U.S. Treasury Secretary Steven Mnuchin Continues to Urge Britain to Reject Huawei
U.K. officials are considering a proposal to allow China’s Huawei to play a limited role in providing certain equipment for the country’s 5G rollout, which would defy calls from the U.S. for a complete ban of telecom gear from the company, Reuters reports.
Britain’s National Security Council, which is chaired by Prime Minister Boris Johnson, is scheduled to meet in the coming days to decide whether to deploy Huawei equipment within the country’s 5G networks, according to Reuters, which cited unnamed U.K. government sources. Johnson has been resistant to U.S. demands for a total ban of Huawei gear (see: 5G Security in the Balance as Britain Navigates Brexit)
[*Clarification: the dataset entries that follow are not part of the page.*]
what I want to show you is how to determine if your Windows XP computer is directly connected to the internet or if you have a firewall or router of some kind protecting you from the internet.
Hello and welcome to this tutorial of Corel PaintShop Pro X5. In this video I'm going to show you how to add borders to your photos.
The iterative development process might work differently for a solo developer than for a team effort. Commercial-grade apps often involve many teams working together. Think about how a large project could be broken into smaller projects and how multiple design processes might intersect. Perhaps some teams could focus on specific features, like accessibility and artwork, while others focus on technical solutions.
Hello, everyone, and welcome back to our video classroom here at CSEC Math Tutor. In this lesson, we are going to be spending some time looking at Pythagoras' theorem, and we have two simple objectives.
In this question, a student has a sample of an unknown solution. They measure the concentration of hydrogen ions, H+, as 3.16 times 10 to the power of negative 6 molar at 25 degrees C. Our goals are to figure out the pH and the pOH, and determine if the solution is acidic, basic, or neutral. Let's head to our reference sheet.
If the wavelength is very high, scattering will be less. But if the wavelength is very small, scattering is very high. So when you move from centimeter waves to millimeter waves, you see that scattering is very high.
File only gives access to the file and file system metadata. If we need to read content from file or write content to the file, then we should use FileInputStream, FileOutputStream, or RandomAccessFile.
The proposed plan to limit the use of Huawei equipment in the U.K. comes as several U.S. officials, including Treasury Secretary Steven Mnuchin, have urged the U.K. avoid using the equipment.
Mnuchin and others in the Trump administration have expressed concerns that company’s telecom gear poses a security threat.
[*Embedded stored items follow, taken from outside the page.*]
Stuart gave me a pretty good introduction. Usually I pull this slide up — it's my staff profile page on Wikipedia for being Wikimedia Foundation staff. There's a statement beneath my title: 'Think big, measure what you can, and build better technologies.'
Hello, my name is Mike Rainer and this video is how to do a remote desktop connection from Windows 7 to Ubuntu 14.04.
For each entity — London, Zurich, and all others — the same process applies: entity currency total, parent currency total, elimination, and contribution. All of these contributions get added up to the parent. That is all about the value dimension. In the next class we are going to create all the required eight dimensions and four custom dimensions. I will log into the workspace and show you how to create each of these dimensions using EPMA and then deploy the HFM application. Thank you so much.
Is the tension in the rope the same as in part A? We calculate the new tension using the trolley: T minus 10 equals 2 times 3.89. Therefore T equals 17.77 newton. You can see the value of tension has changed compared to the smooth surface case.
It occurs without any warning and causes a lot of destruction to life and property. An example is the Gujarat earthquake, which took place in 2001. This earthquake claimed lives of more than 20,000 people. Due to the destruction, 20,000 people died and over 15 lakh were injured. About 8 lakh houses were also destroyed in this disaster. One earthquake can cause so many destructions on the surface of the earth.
“When it comes to our government networks, when it comes to sophisticated business networks, military networks and networks of all of our allies, we want to make sure that those networks are fully secure,” Mnuchin previously told CNBC.
Mnuchin is expected to meet with U.K. officials this weekend, according to Reuters.
The U.S. has repeatedly warned about ties between Huawei and the Chinese government and asserts that the company’s hardware could be used espionage. Huawei, which is the world’s largest provider of 5G equipment, has repeatedly denied accusations that the company is a security threat or that its telecom gear could be used as a backdoor (see: Huawei: US Trade Ban Will Make 2020 ‘Difficult’)
To add to the pressure on countries considering using 5G equipment from Huawei, U.S. Rep. Jim Banks, R-Ind., on Tuesday introduced a bill in the House that would block the U.S. from sharing intelligence with countries that use Huawei equipment in their 5G networks. This proposal is similar to legislation introduced in the Senate by Republican Tom Cotton of Arkansas earlier this month.
U.K. telecom firms BT and Vodafone reportedly are also planning to lobby Johnson to allow Huawei technology, arguing that they haven’t seen evidence of the Chinese firm’s equipment posing a security risk that warrants a total ban (see: BT and Vodafone Reportedly Want Huawei 5G Gear).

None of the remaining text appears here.